Primary care in the UK is not in quite such a parlous state. But we are still the ‘also rans’ for far too many medical students. Yet we all knowthat primary care is where the action is, where the patients are, where lives are saved through prevention for millions compared to heroic surgery for thousands. It's where decisions about the shape and outcomes of the NHS will increasingly be made. It's where you can teach, research, counsel and do, all in the same day.
So how can we attract the next generation of medical students into primary care? Well, perhaps we could begin by addressing the inequities produced by replacing partners with salaried doctors. There were 786 salaried GPs in England in 1999, 1712 in 2003, 6022 in 2007, and 7310 in 2009, and many of these young doctors now work in an environment where they have lower status, less remuneration and fewer leadership opportunities than the partners.1 As more Associates in Training join us with debts from student loans, a salaried job will look even less inviting than further specialist training.
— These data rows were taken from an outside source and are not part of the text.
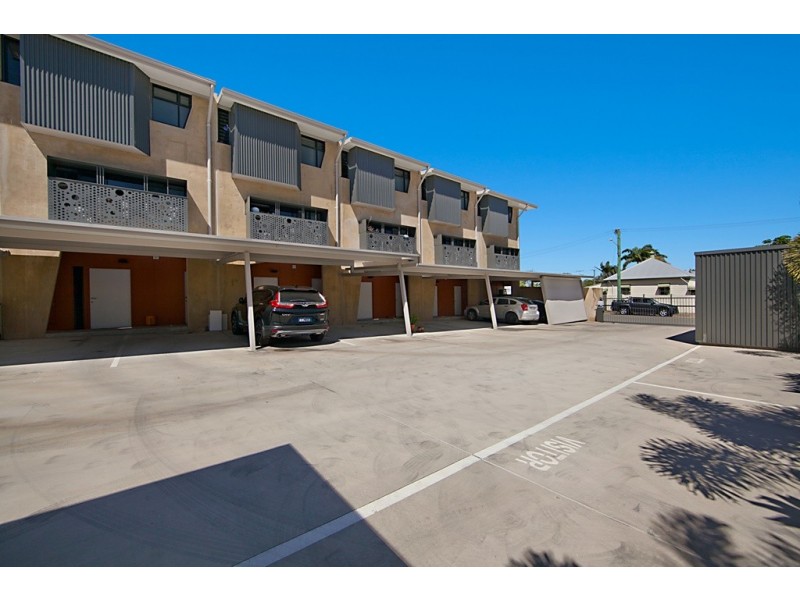 1/1D Plant Street, West End QLD 4810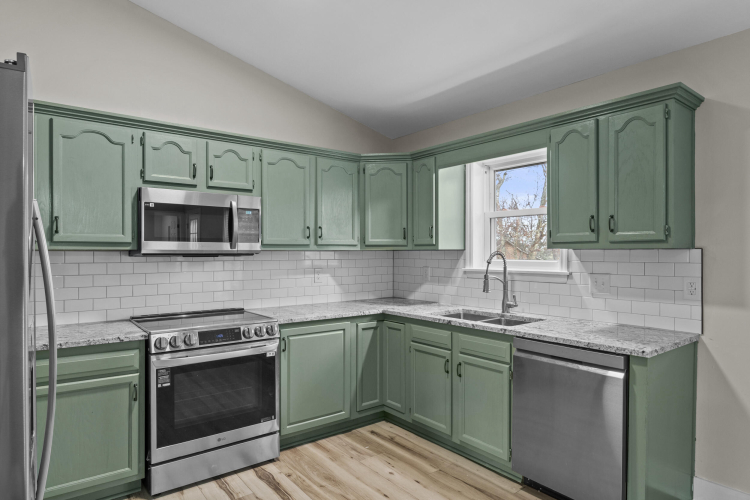 Listing Image 10
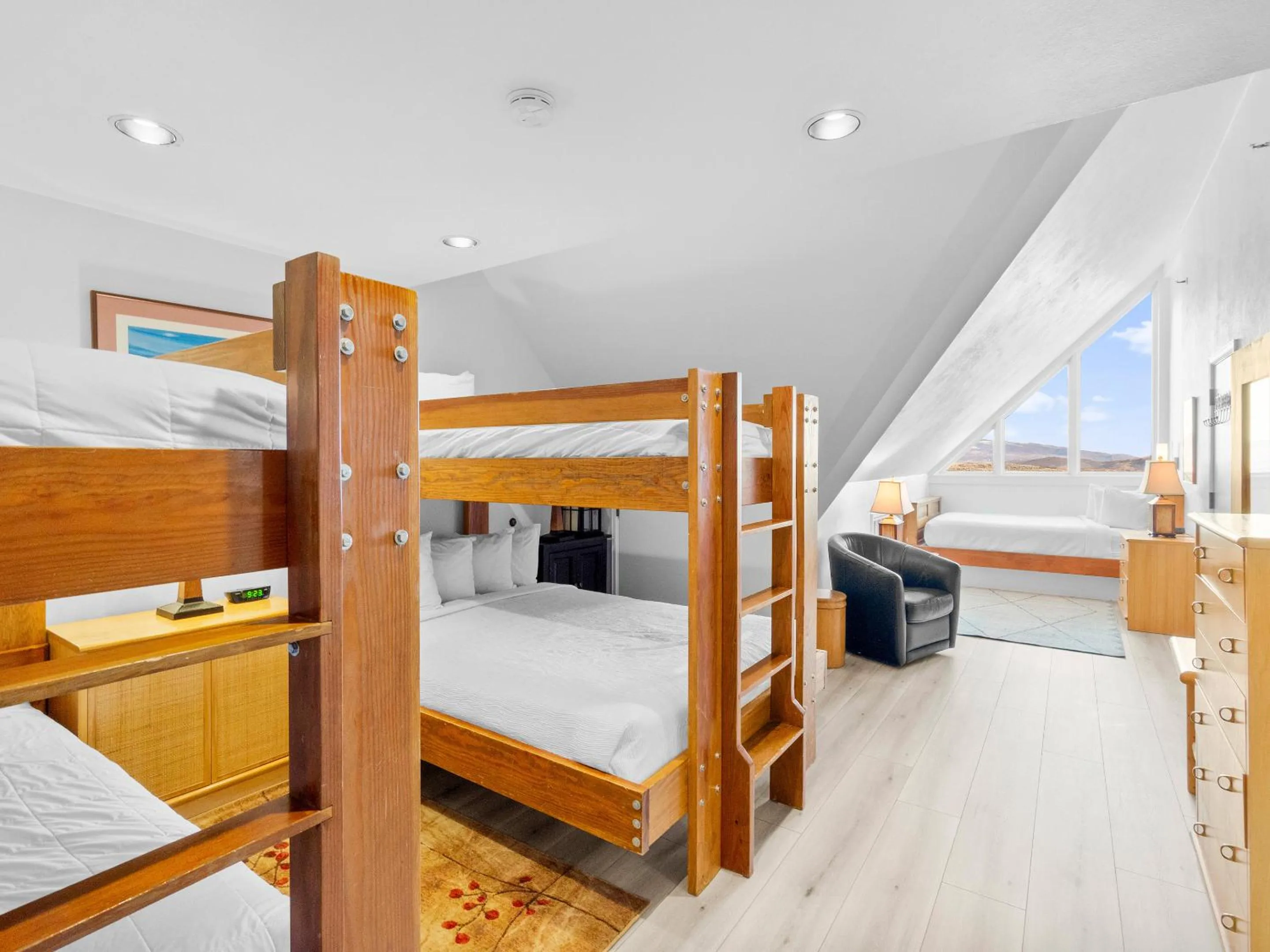 Bed in The Lodge at the Mountain Village by All Seasons Resort Lodging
But money is a negative driver We need to come up with more positive initiatives to attract medical students and trainees into the front line of medicine. We need to teach them what those of us who have worked in primary care for decades know — that almost everyone can be seen and treated in primary care.2
One initiative about to take flight is the ‘National Primary Care Society’ (NPCS), a medical student-led group with representatives from medical schools across the UK. There are primary care societies in a number of different schools but, until now, no overarching group that can harness energies and perhaps have some ‘clout’ in terms of raising the profile of primary care as a career choice at an early stage. I was privileged to be present at its birth in July, during the Society for Academic Primary Care's annual conference. Twenty-five keen and eager students from across the nation discussed why some of their friends still saw primary care as the failed consultant's graveyard. They hope the nascent Society will allow students to learn more about the positive aspects of primary care, to find elective placements, mentors, and to understand how academic career pathways work and what a portfolio career entails. They also thought it would be good to have talks from ‘Celebrity GPs’ off the telly, but then this is also the Big Brother generation.
So maybe my experience on my first day in Cardiff Medical School in 1980, when the emeritus professor warned us all that if we didn't work hard, we'd end up as GPs, will become a Generation X anecdote confined to the dustbin of history? If the new NPCS has its way, it certainly will.